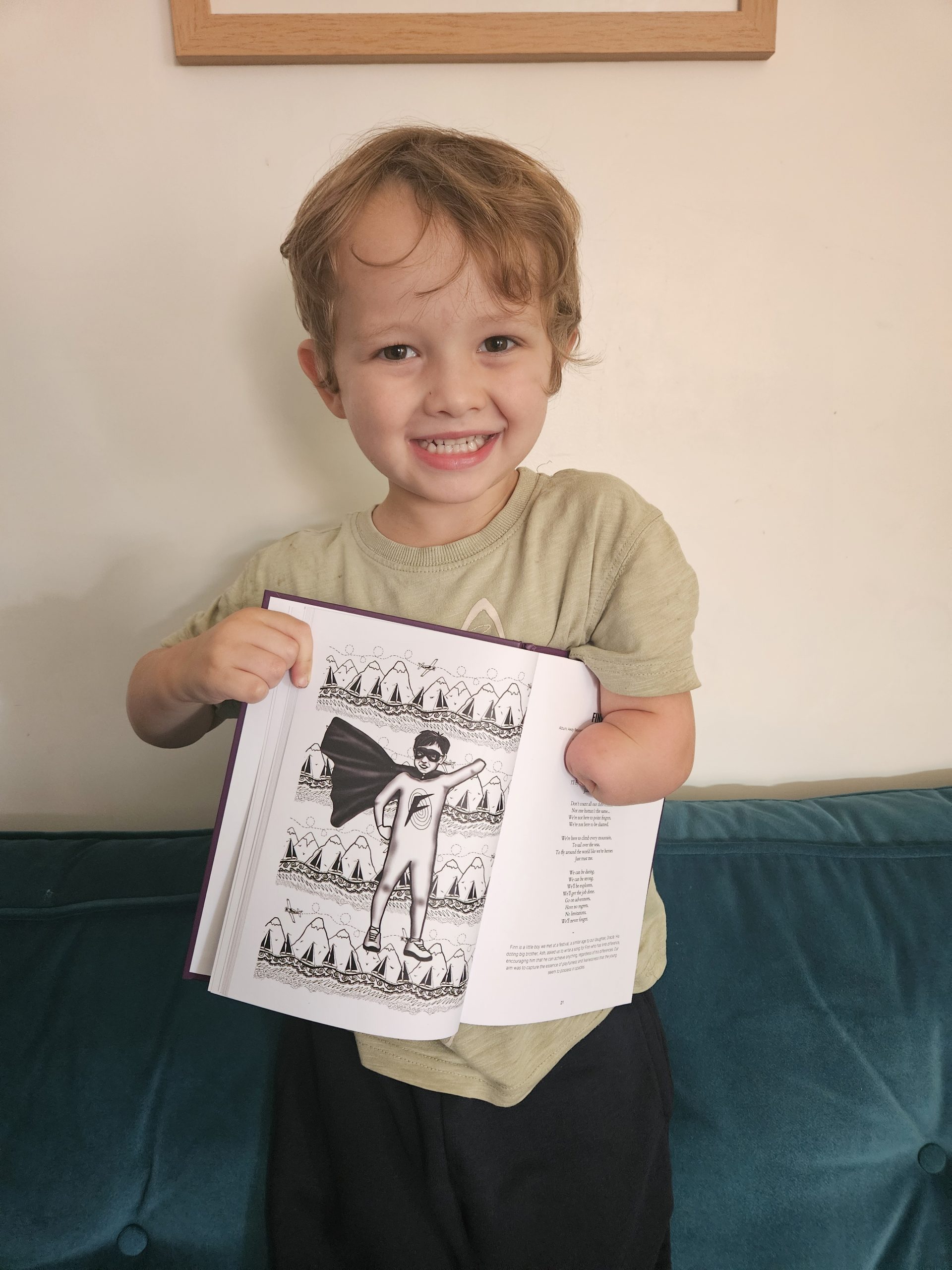 Finn smiling at the camera whilst holding the lyric book with his illustration in.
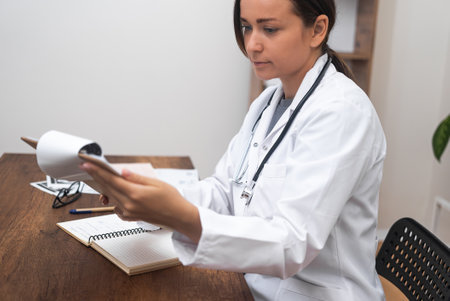 Woman doctor diagnoses patient studying images of examination and medical conclusions attentive therapist in medical coat sits at table in office in hospitalの写真素材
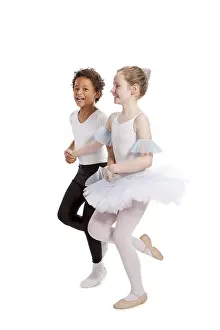 White Background Studio Photo Drucke: Interracial children dancing together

++++++++++++++++++++

## WHAT TO PRODUCE
Write out the material above once more, word for word. Images stay out.

## RESPONSE BELOW
 Finn smiling at the camera whilst holding the lyric book with his illustration in.
 Woman doctor diagnoses patient studying images of examination and medical conclusions attentive therapist in medical coat sits at table in office in hospitalの写真素材
 White Background Studio Photo Drucke: Interracial children dancing together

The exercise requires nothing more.